Quantum Simulation of Coupled Harmonic Oscillators: From Theory to Implementation

TL;DR

This paper explores practical implementations of a quantum algorithm for simulating coupled harmonic oscillators, demonstrating resource-efficient methods and potential for quantum advantage in physical applications.

Contribution

It develops and compares three concrete quantum simulation approaches for coupled oscillators, bridging theory and practical implementation.

Findings

Complex initial state preparation can be avoided in linear chains.

Resource benchmarks for different implementations are provided.

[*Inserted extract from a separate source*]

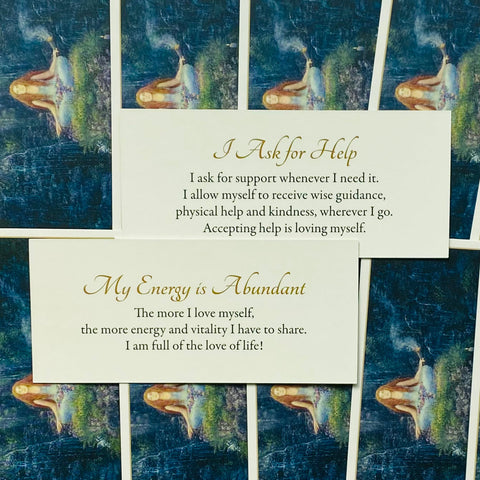 Because I Love Myself Cards Deck Mini Blue Angel Lucy Gavendish Esoteric NEW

Physical applications like normal modes extraction are demonstrated.

Abstract

We investigate the quantum algorithm of Babbush et al. (arXiv:2303.13012v3) for simulating coupled harmonic oscillators, which promises exponential speedups over classical methods. Focusing on linearly connected oscillator chains, we bridge the gap between theory and implementation by developing and comparing three concrete realizations of the algorithm. First, we implement a sparse initial state preparation combined with product-formula (Suzuki-Trotter) Hamiltonian simulation. Second, we implement a fully quantum, oracle-based framework in which classical data are accessed via oracles, the Hamiltonian is block-encoded, and time evolution is performed using QSVT-based Hamiltonian simulation. Third, we propose an efficient alternative that combines the sparse state-preparation routine of the first approach with the oracle and block-encoding-based simulation pipeline of the second. We provide these implementations on Classiq, a high-level quantum design platform and provide appropriate resource benchmarks. Our simulation results show that the complex initial state preparation proposed by Babbush et al. can be circumvented at least in the linear-chain case. Finally, we illustrate two physical applications-extracting normal modes and simulating coarse-grained energy propagation-demonstrating how the algorithm connects to measurable observables. Our results clarify the resource requirements of the algorithm and provide concrete pathways toward practical quantum advantage.